## Assigned task:
In the records below, the line that contains "this 620×414 image." marks the start. Copy it and each line after it through the end, exactly, without pictures.

## Given entries:

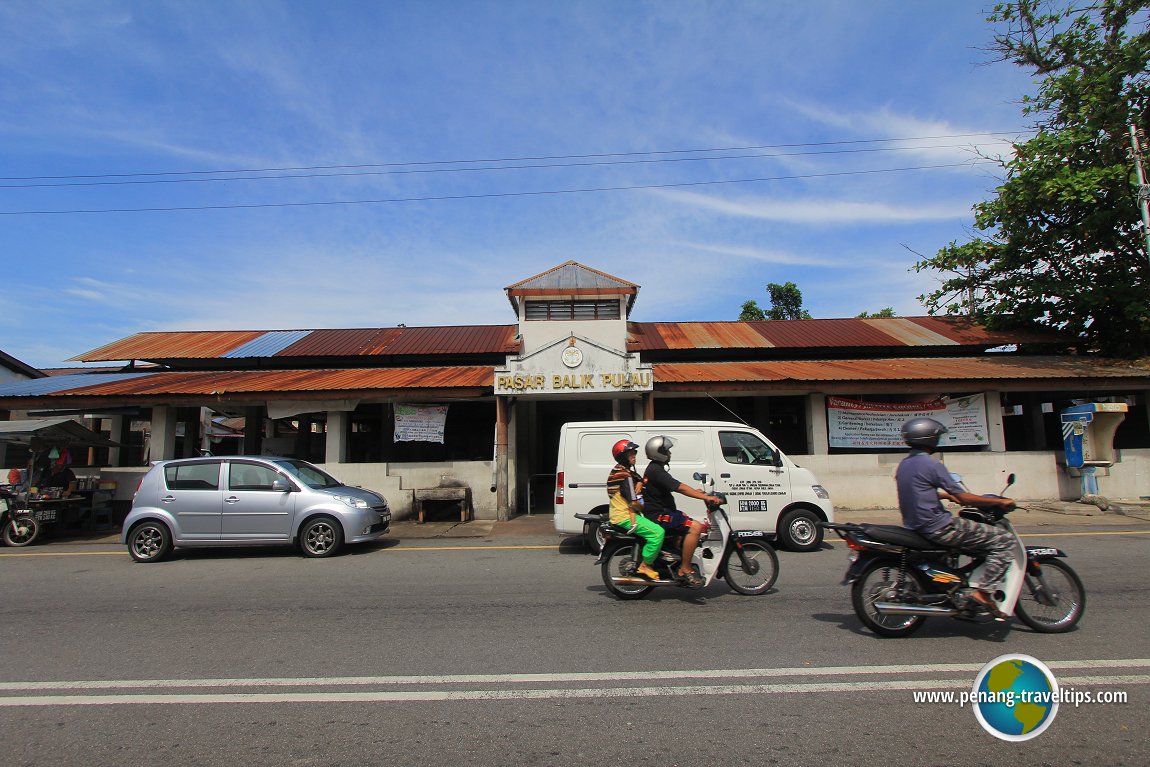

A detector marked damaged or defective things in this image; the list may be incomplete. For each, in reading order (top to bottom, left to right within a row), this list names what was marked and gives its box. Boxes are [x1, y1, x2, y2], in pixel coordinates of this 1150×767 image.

rusty zinc roof [71, 326, 522, 365]
rusty zinc roof [625, 317, 1053, 351]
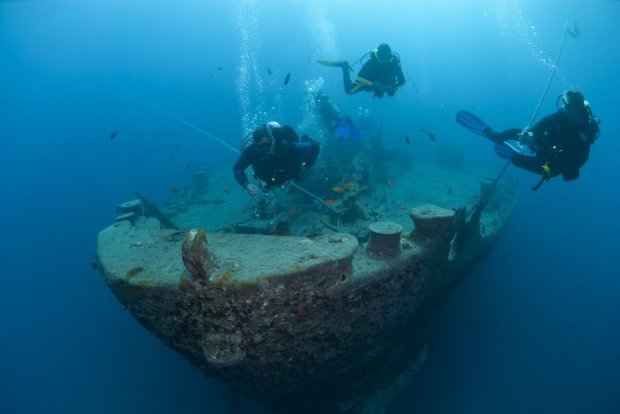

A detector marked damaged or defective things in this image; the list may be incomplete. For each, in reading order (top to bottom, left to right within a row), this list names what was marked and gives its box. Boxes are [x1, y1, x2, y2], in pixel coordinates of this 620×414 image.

rusty bollard [182, 226, 216, 282]
rusty bollard [368, 222, 402, 258]
rusty bollard [406, 205, 456, 244]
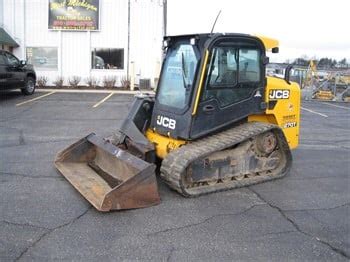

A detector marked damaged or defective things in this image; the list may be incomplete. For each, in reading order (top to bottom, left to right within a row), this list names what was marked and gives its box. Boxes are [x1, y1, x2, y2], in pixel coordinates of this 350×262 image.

parking lot crack [14, 206, 92, 260]
parking lot crack [148, 204, 266, 238]
parking lot crack [249, 187, 350, 258]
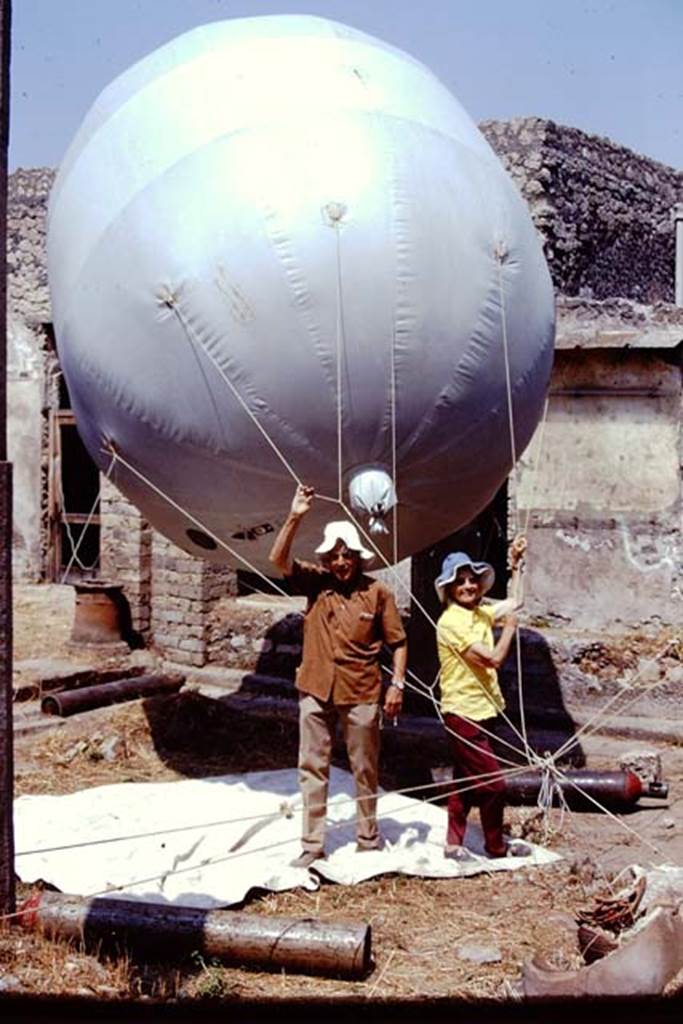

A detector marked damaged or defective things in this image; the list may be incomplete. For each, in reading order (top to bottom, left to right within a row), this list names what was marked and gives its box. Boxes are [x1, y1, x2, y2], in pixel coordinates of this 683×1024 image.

rusty pipe [40, 667, 184, 716]
rusty pipe [501, 770, 667, 811]
rusty pipe [20, 892, 374, 978]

## Response box:
A detector marked damaged or defective things in this image; the list may be incomplete. For each, in reading order (top to bottom, left to right within a row), this list names what was marked and gives its box. Boxes are [x1, y1, x2, y2], in pixel coordinates of this 620×414 image.

rusty bollard [182, 226, 216, 282]
rusty bollard [368, 222, 402, 258]
rusty bollard [406, 205, 456, 244]

A detector marked damaged or defective things in this image; the list may be incomplete. For each, in reading order (top to bottom, left to right within a row), this list names what was marked and gives its box. Boxes are [x1, y1, x2, y2], in pixel coordinates of this 350×262 image.

parking lot crack [14, 206, 92, 260]
parking lot crack [148, 204, 266, 238]
parking lot crack [249, 187, 350, 258]

A detector marked damaged or defective things in this image; the list may be incomplete. For each, in reading order (top to bottom, left to right within a row), this list names what was marked and gives its box. Boxes are [x1, y1, x2, y2], in pixel coordinates of this 683×1024 image.

rusty pipe [40, 667, 184, 716]
rusty pipe [501, 770, 667, 811]
rusty pipe [20, 892, 374, 978]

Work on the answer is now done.